Directions –
Repeat the listing exactly. Any picture in it should be left out of the copy.

Entries supplied –
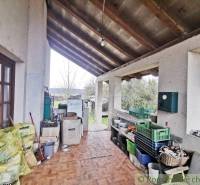 A veranda of a family house with storage space and a view of the garden.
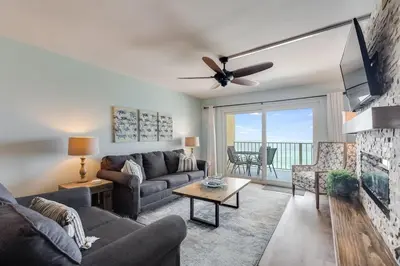 a living room with a couch and a tv at Regency Towers 1018 Beachfront unit in Panama City Beach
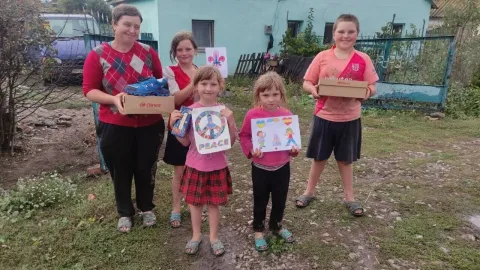 A Ukrainian family of four stand outside holding boxes of shoes they just received from Scouts in Spain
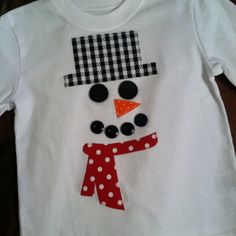 a white shirt with a snowman on it's chest and polka dots around the neck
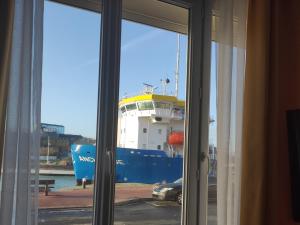 Appartements LE WELCOME vue port appartement plain pied : photos des chambres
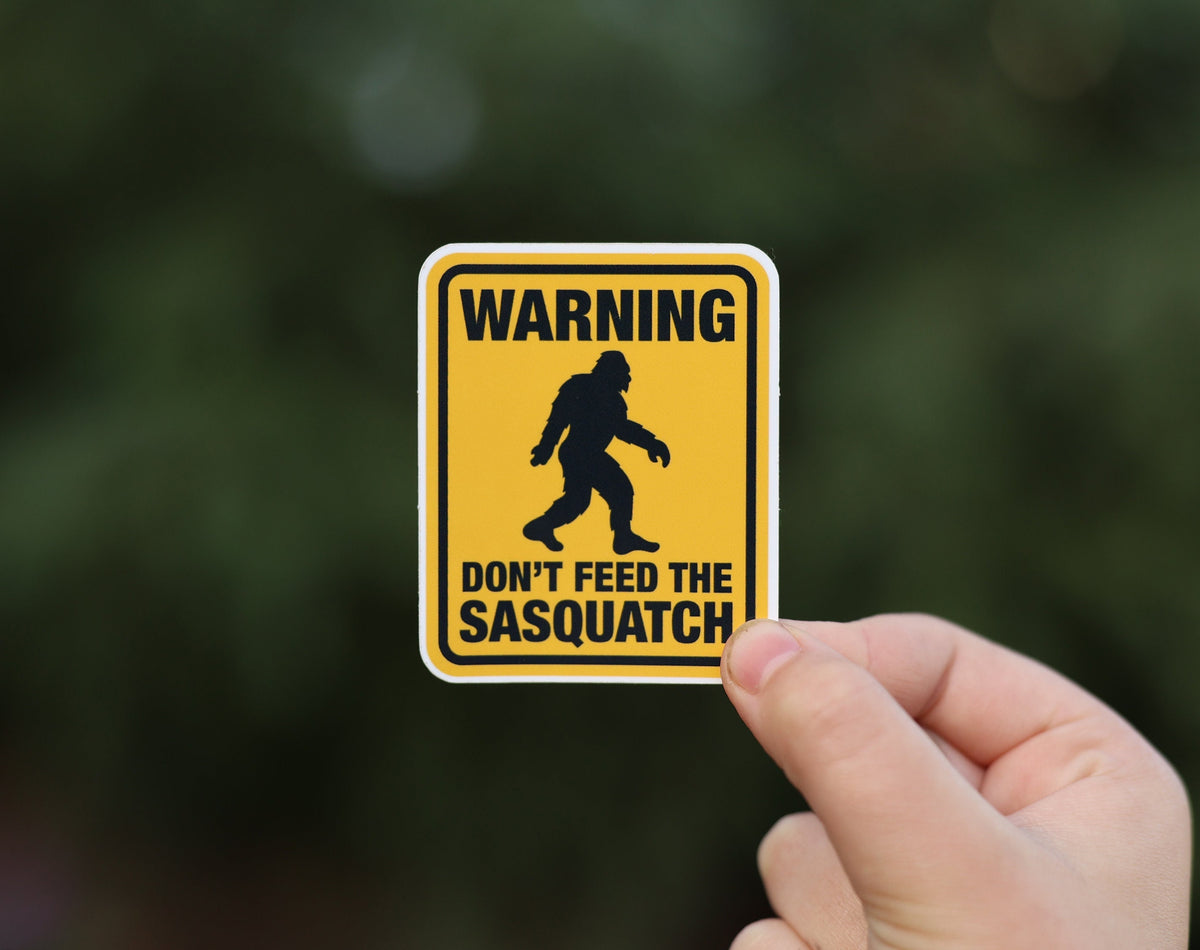 Pinched lower in the frame, the Don't Feed The Sasquatch sticker shows its black bigfoot silhouette and warning text.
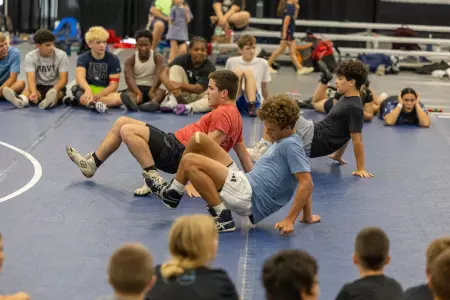 Wrestling campers crawl backwards during drill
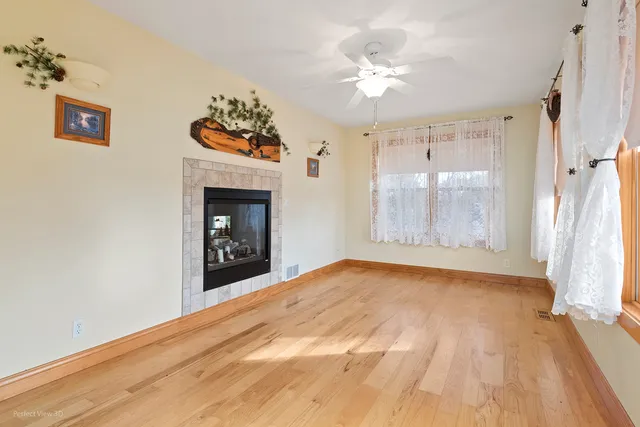 a view of an empty room with a fireplace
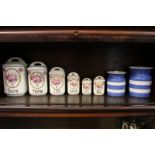 A set of six French pottery kitchen storage pots and covers and two Cornish ware blue and white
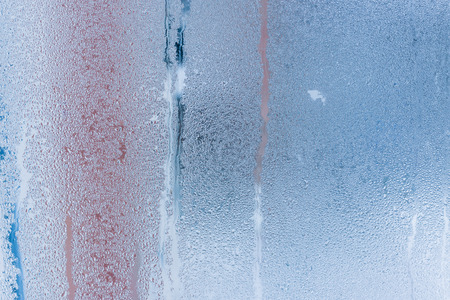 Water condensation on window during winter. Strong humidityの写真素材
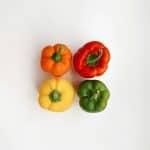 Four assorted-colored bell peppers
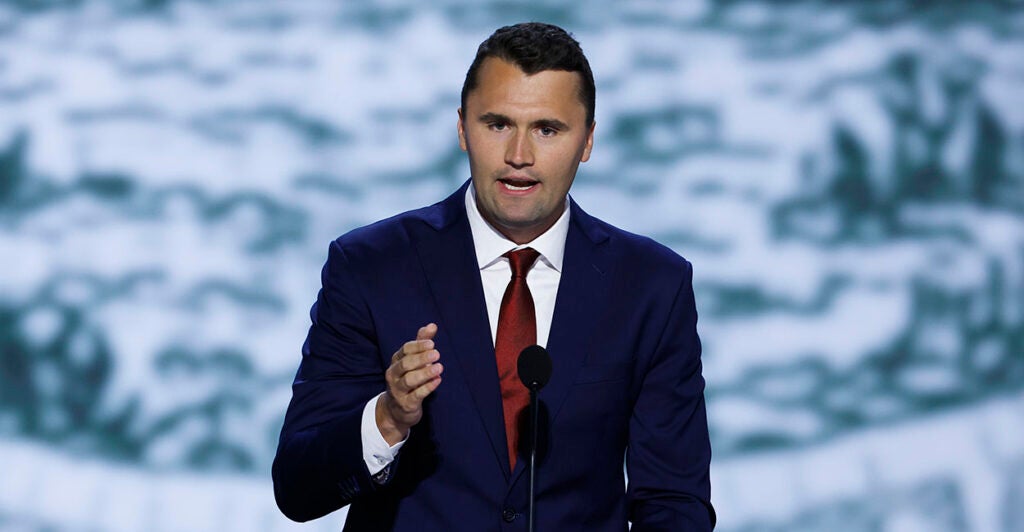 Charlie Kirk gestures in a blue suit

Solved problem –
 A veranda of a family house with storage space and a view of the garden.
 a living room with a couch and a tv at Regency Towers 1018 Beachfront unit in Panama City Beach
 A Ukrainian family of four stand outside holding boxes of shoes they just received from Scouts in Spain
 a white shirt with a snowman on it's chest and polka dots around the neck
 Appartements LE WELCOME vue port appartement plain pied : photos des chambres
 Pinched lower in the frame, the Don't Feed The Sasquatch sticker shows its black bigfoot silhouette and warning text.
 Wrestling campers crawl backwards during drill
 a view of an empty room with a fireplace
 A set of six French pottery kitchen storage pots and covers and two Cornish ware blue and white
 Water condensation on window during winter. Strong humidityの写真素材
 Four assorted-colored bell peppers
 Charlie Kirk gestures in a blue suit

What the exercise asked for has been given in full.